I think I was probably quite a subdued teenager. I grew up in a small town in the South West of England, worked all sorts of odd jobs, and went to college in Swindon. Spending time in pubs, trying to play music, working in a tattoo studio, and eventually finding myself living in Paris.
Your work is seemingly charged with medieval and early industrial age aesthetics, what are your reference points?
I don’t only focus on one era, but instead pull references from many different time periods, drawing links, conjoining histories and trying to then map them out. Some series of my works directly focus on periods of great cultural shifts, discovery and innovation, I think it’s curious to see how these cycles repeat themselves throughout history, and how we learn and develop from these.
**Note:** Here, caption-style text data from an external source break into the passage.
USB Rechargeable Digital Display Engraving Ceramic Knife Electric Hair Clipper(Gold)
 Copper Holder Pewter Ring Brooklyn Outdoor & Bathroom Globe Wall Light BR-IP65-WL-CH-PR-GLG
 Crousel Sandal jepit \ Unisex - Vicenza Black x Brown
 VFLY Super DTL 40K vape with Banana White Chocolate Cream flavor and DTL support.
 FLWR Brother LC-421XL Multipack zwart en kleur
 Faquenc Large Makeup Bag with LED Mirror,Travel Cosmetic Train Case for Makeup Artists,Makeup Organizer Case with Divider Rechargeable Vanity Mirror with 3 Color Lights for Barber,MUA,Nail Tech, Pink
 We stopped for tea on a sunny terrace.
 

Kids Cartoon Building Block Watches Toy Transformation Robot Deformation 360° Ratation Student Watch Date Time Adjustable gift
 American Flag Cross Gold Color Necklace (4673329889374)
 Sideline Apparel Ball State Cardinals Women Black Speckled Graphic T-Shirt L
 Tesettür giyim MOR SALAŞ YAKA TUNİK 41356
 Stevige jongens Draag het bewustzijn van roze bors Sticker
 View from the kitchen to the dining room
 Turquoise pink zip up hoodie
However what I’m working with is not true history, it’s a biased history mixed with fantasy.
How did you develop your practice as a ceramist? Did you use other media before?
I mainly work with ceramics, but there are several other materials and processes which I think are compelling – it is just that clay is such a versatile material and perfect for my current methods. A few years back I acquired a broken kiln from an old technical college in England, after fixing it up I was able to fire and experiment with ceramics a lot more, and this formed a basis for my work that I have since developed. Having access to kilns is crucial to how I want to work with ceramics and this reclaimed kiln was really helpful.
Over the last years ceramic art, hand in hand with other categories of craftsmanship, had quite a revival in fine arts. Why would you say this is so, or are you completely annoyed by this discussion already?
No, I find it very interesting, it could come from a desire to keep practices and technical skills alive, rather than constantly outsourcing work. For me, it’s a labor of love – I like the hands on element, I like craftsmanship, that notion of learning something and following it through; plus, with a do-it-yourself attitude you’re gifted a better understanding of the materials that you choose to work with.
Would you mind telling me how do the bottoms of your works look like?
Well, the bottoms of a lot of the pieces have sections of drawings hidden on them. I make a lot of my works through a technique called slab building, when rolling out a slab I will draw a sketch on the wet clay of what I imagine the piece could look like, either with a pencil or with a piece of clay of a different colour. These drawings are only visible from the bottom, or on the inside of the piece, a hidden line. These aspects are also present in other works, whether they are moving parts, or whistles that imitate bird calls – only known when the pieces are handled or through hearsay.
On the one hand you used your objects to serve food or you invited people to use them as ashtrays. On the other hand some of your objects would break as soon as they are used. How do you make these decisions?
It feels like the pieces sometimes dictate these decisions – whether it is an objects function, or lack of. There is a sense of transformation, which occurs when one of the objects is used, the pieces absorb traces, smells and stories for example. For others this is stopped by a refusal to work, a piece that may be stuck in a hibernating stage, not finished enough for its intended use, but perhaps there is a future to it – after it breaks. This refusal from the piece can also be mirrored in the way in which we interact with the objects, interactions that usually occur on a break from work, a forced pause, be it a smoking break, a lunch, a tea break.
It seems to me as if every work of yours functions as a »container« whether it literally holds something or not.
Yes, because of the way that the pieces are made they are all hollow, giving them a sense of being husks or parts of a strange exoskeleton. But I treat the works in a somewhat archaeological way, so I feel that they instantly absorb a history – fantastical or not – acting as tools, timepieces, clocks that are constantly ticking over, being refilled and reimagined as they become entangled in the real and the mythical.